The following paragraphs of the statement of defence are relevant to the issue:-
“2. The Defendant denies paragraphs 4, 5, 6, 7, 8, 9, 11, 12, 13, 14, 15, 16, and 17 of the Statement of claim.
“3. The defendant is not in position to admit or deny paragraphs 3 and 10 but puts the Plaintiff to the strictest proof thereof.
“4. With further reference to paragraph 4 of the Plaintiffs statement of Claim the Defendant avers that if ever, plaintiff was a tenant of the Ojora Chieftaincy Family the alleged relationship of Landlord and Tenant was determined by the said family who in fact evicted the Plaintiff from possession.
“5. With further reference to paragraph 9 of the Statement of Claim the defendant avers that when the Ojora Chieftaincy Family let the land to him on the 18th day of August, 1974 there was no structure whatsoever on the land.
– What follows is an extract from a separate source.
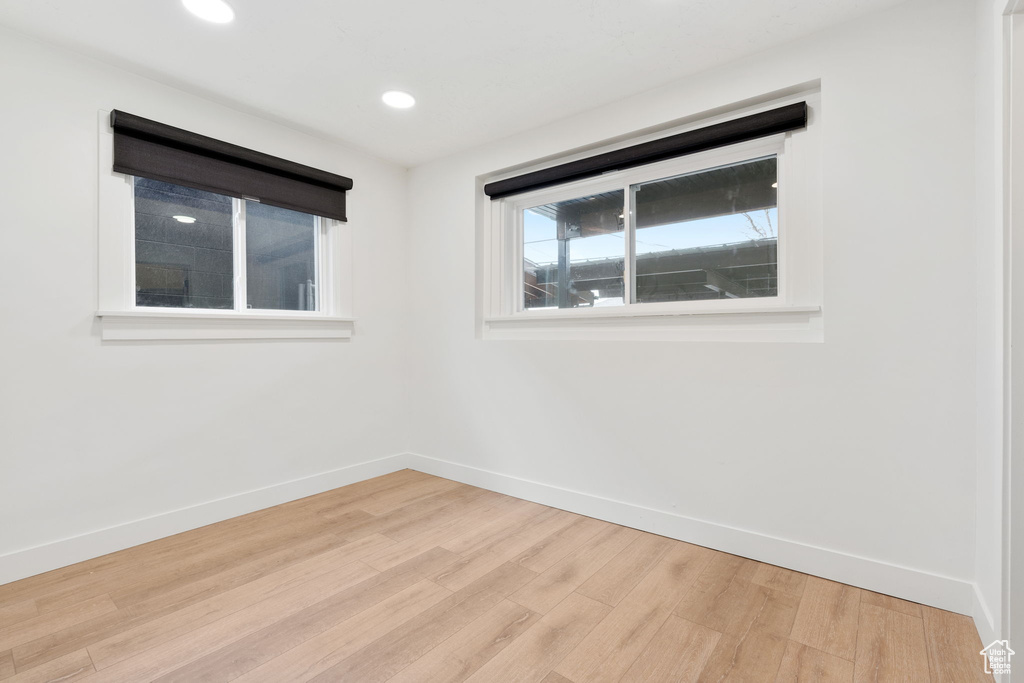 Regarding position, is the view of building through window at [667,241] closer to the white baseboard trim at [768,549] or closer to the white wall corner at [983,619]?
the white baseboard trim at [768,549]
It was a vacant land.
“6. The defendant avers that the land in dispute was let to him by the Owners thereof in August, 1974 and will rely and tender at the trial of this Suit rent receipts and other relevant documents relating to the land issued by the Ojora Chieftaincy Family in favour of the Defendant.
“7. The defendant avers that the said Ojora Chieftaincy Family put him in vacant and effective possession of the said land.
“8. The Plaintiff has no right, possessory title or interest in the said plot of land and that he cannot in law maintain an action in trespass against the Defendant.
“9. WHEREUPON THE defendant denies that the plaintiff is entitled to his claim and that the claim be dismissed.” (Italics mine).
The statement of defence did not specifically or by necessary implication say that, the plot of land granted to the Plaintiff in 1963 was different from that granted to him and in dispute in this case. It was therefore not an issue for trial by the trial judge.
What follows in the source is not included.